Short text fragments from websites
* * * * *

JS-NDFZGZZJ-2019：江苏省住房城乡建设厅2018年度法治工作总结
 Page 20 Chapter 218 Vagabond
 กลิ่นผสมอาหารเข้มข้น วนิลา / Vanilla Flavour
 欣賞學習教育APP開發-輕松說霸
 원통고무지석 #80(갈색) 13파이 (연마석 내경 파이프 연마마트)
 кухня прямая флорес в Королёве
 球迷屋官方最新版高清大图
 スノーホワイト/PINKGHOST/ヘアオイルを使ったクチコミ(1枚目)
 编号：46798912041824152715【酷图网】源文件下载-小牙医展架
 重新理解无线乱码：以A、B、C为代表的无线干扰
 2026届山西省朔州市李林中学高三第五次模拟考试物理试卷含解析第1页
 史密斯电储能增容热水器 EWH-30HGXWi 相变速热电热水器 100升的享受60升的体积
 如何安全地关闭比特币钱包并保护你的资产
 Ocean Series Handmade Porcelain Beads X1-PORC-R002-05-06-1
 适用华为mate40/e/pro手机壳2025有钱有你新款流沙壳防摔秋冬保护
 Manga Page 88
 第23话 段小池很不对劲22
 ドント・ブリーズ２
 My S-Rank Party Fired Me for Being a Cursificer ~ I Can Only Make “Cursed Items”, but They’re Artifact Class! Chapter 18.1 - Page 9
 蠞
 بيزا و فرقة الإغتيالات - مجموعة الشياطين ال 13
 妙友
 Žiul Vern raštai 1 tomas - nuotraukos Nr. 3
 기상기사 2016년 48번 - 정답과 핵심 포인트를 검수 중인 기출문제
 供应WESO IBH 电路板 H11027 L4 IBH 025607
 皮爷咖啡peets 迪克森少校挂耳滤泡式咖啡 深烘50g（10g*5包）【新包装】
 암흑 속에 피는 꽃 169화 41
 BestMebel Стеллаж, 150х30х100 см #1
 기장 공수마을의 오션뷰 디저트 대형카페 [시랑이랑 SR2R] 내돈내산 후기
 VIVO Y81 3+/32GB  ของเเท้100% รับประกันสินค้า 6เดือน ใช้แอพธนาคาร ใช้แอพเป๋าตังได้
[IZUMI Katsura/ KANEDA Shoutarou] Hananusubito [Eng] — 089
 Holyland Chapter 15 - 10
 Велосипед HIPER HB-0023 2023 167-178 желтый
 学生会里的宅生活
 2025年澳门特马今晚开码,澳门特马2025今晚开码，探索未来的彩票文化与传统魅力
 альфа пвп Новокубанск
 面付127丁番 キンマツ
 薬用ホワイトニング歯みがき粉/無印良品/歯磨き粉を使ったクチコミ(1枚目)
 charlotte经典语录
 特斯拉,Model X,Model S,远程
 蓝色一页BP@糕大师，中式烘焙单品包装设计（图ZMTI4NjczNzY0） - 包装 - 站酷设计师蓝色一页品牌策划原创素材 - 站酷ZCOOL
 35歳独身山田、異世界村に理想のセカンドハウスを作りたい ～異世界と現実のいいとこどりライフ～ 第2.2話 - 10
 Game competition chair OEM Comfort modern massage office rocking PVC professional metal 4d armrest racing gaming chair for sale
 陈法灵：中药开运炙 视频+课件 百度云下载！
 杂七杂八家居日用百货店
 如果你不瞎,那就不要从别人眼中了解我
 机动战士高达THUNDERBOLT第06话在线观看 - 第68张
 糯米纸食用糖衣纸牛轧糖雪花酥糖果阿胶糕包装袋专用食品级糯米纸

* * * * *

_What is expected_
Please copy only the lines between the first line of the entries and the line with "Ocean Series Handmade", keeping those two end lines as well, exactly as written.

_Answer_
JS-NDFZGZZJ-2019：江苏省住房城乡建设厅2018年度法治工作总结
 Page 20 Chapter 218 Vagabond
 กลิ่นผสมอาหารเข้มข้น วนิลา / Vanilla Flavour
 欣賞學習教育APP開發-輕松說霸
 원통고무지석 #80(갈색) 13파이 (연마석 내경 파이프 연마마트)
 кухня прямая флорес в Королёве
 球迷屋官方最新版高清大图
 スノーホワイト/PINKGHOST/ヘアオイルを使ったクチコミ(1枚目)
 编号：46798912041824152715【酷图网】源文件下载-小牙医展架
 重新理解无线乱码：以A、B、C为代表的无线干扰
 2026届山西省朔州市李林中学高三第五次模拟考试物理试卷含解析第1页
 史密斯电储能增容热水器 EWH-30HGXWi 相变速热电热水器 100升的享受60升的体积
 如何安全地关闭比特币钱包并保护你的资产
 Ocean Series Handmade Porcelain Beads X1-PORC-R002-05-06-1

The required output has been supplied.